Roberto Arlt, con brutalidad e inocencia, irrumpió en este Buenos Aires en el año 1900. Le entregó a cada intelectual, a cada escritor, a cada habitante de este lugar, un clavo caliente que hasta el día de hoy conmueve la esencia misma del arte de la escritura.
Cómo una persona puede haber llegado a ser un grande si sólo cursó hasta tercer grado de la escuela primaria. Cómo puede haber llegado a calar hasta la médula una sociedad alguien que escribía mal, según las reglas actuales y tradicionales.
Desde sus novelas, desde sus obras de teatro, desde sus artículos en los diarios, Arlt descubría un mundo completo: personajes, sentimientos, ideas que los lectores identificaban como propias, como la esencia del mundo propio.
Cómo puede ser que una persona sin la formación “necesaria”, haya logrado lo que él logró.
Sucede que Arlt tuvo una libertad y un talento que ningún otro escritor argentino tuvo: convirtió al arte de escribir en un hacer colectivo. Al ser autodidacta, ya que nunca dejó de leer desde los nueve años, fue recopilando información a su manera, a su necesidad, sin esa imposición ajena que termina por adocenar, cercenar, proponer únicos caminos con únicas respuestas. Él fue libre.
Claro está que este camino tan difícil habla de una inteligencia superior, de un espíritu de lucha asombroso. Ahora bien, todo autodidacta, en la materia que sea, tropieza con un problema insoluble: como sus conocimientos no fueron adquiridos sistemáticamente, con el sistema imperante, descubre cosas en las que ningún otro había reparado e ignora asuntos que es “imposible” que desconozca.
Esta situación suele crear personajes marginales, a veces latosos, a los que se le sigue el hilo de los pensamientos con dificultad. Este no fue el caso de Arlt.

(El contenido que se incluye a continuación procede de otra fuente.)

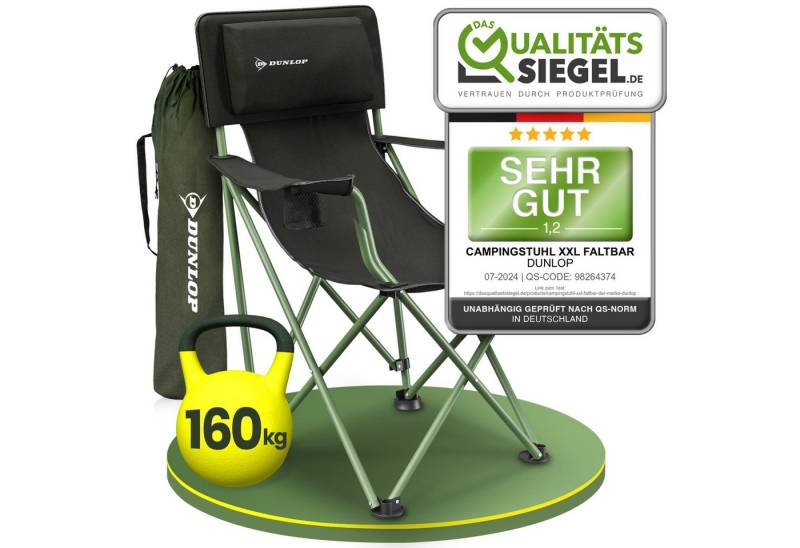 Dunlop Campingstuhl Campingstuhl faltbar XXL, LUXUS Camping Stuhl leicht gepolsterte Kopflehne bis 160 kg von Dunlop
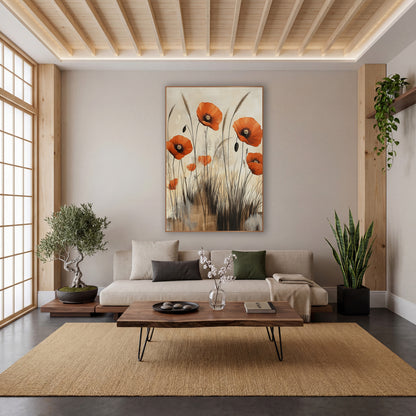 Poppy Reed Thicket Abstract Botanical wall art in a calm Japandi-style room – orange poppies with dark centers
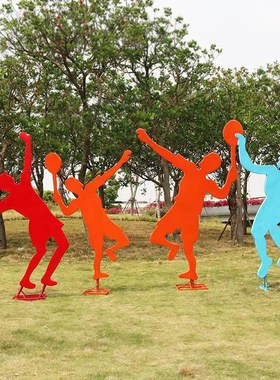 户外不锈钢跑步运动人物雕塑铁艺剪影抽象人摆件公园林景观装饰品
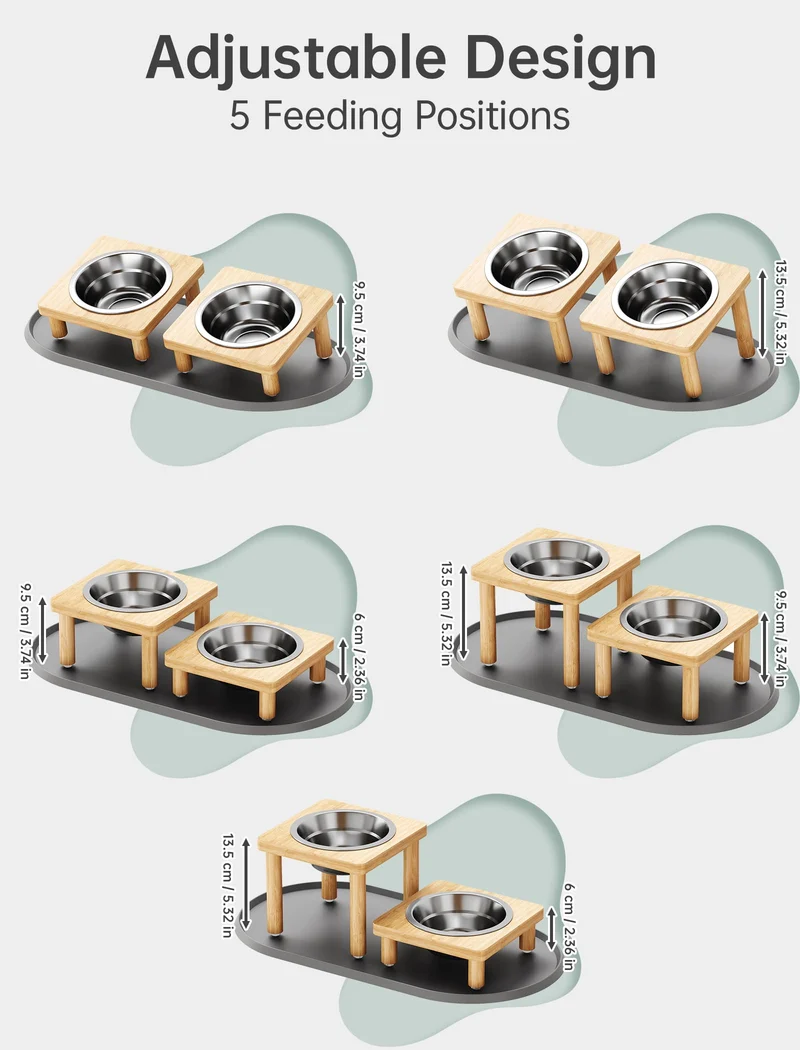 NiHome – Gamelles Chat Élevées en Bois avec Tapis, 5 Postures d’Alimentation et Bols Inox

Cómo hizo para integrarse con los intelectuales que suelen discriminar lo “desprolijo” con un frío corte de bisturí: con pasión y con humildad. Contaba con el respeto y el apoyo de sus amigos que lo ayudaban en el momento de dificultad, cuando su gramática no alcanzaba para plasmar en el papel eso que llevaba claramente en su cabeza.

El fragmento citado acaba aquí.